Buy Catalyst
Special $6.99 (Regular price: $7.99)
Publisher: Speak
Format: Paperback
Reviewer: Melissa on July 14, 2010
Rating: 5 out of 5 stars
Have you ever been so stressed about something that you couldn’t sleep? Perhaps you spent your nights doing homework or housework or maybe you just found yourself tossing and turning all night long. I don’t know about you, but I certainly have and so has Kate Malone, the protagonist of Laurie Halse Anderson‘s 2002 release, Catalyst. For Kate, a high school senior, stress comes from the fact that the deadline to receive a university acceptance letter is fast approaching and she still hasn’t heard from her top choice: MIT. Gulp. While not getting into her top school shouldn’t be a big deal since she told everyone that she was accepted by her safety schools, Kate has a secret: MIT was the only school to which she applied. Double gulp. Add all this to a local house fire, which forces Kate to share her room with her long time enemy, Teri Litch, and Teri’s two-year-old brother, and you’ll have a full understanding of the main character’s situation.
After having read and loved Anderson’s debut novel Speak, I’d always intended to read more of her YA novels when I had the chance. However, my interest was peeked when I learned that Melinda Sordino the protagonist of that novel makes a cameo appearance in Catalyst. Even without knowing the premise, I knew that I had to read it, and I’m so thrilled that I did. In Kate, Anderson has created a character, who is unlike any that I’ve ever read before: a contemporary, overachieving girl, who excels in chemistry and has almost everything necessary to get into best science institution in the United States. Had the author stopped there, this novel might have been lacking that “oomph” that makes a good book a great one. If she’d stopped there, Kate would have been so wrapped up in achieving that she wouldn’t have changed and grown as a person. Lucky for us, Laurie Halse Anderson seems unable to do nothing less than be as much of an overachieving author as her character is an overachieving student.
While Speak was dark with poetic metaphor and ironic humor, Catalyst is an extended metaphor of literature as scientific experimentation. Each book heading is named after one of the states of matter and has a quotation from ARCO Everything You Need to Score High On AP Chemistry. While each of these quotations literally refer to a scientific principle, they have larger significance for the content of the novel at the point in question. (Would you expect anything less from Laurie Halse Anderson.) Beyond these aspects of the novel, you will also find that the entire structure from the chapter titles to Kate’s obsessive list making furthers the metaphor and ensures that the novel’s form matches the function of getting into Kate’s head. From where I stand, it’s impossible to argue that the author’s scientific hypothesis was anything but 100% correct: this novel is a success.

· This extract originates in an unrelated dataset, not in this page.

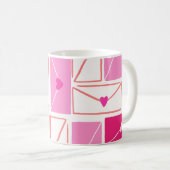 liefdesbrief koffiemok (Voorkant rechts)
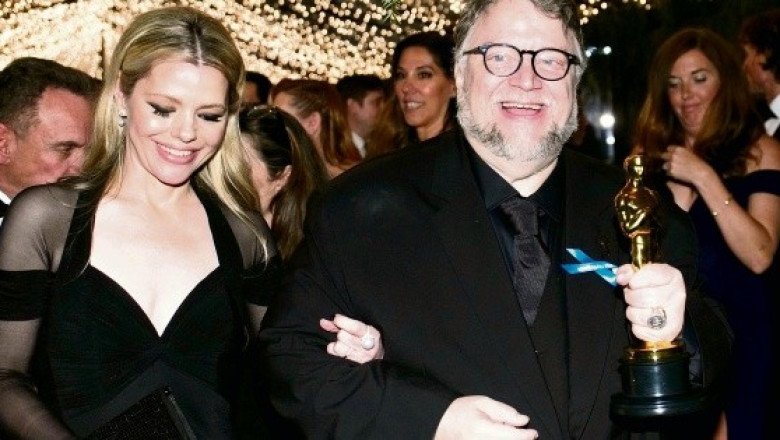 El tapatío Guillermo del Toro se embolsa otro Premio Oscar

While Catalyst is a beautiful novel, it is also heartbreaking. It’s one of the few novels that really made me cry so far this year. Moreover, as I was reading it, I found myself thinking, “How do people keep going when tragedy strikes?” Anderson’s answer to this question is that the existing bonds people have with one another develop and deepen, just like the covalent bonds that hold the individual atoms together. Reading this book might take you to uncomfortable places, but it is well worth the journey.
Buy Catalyst today!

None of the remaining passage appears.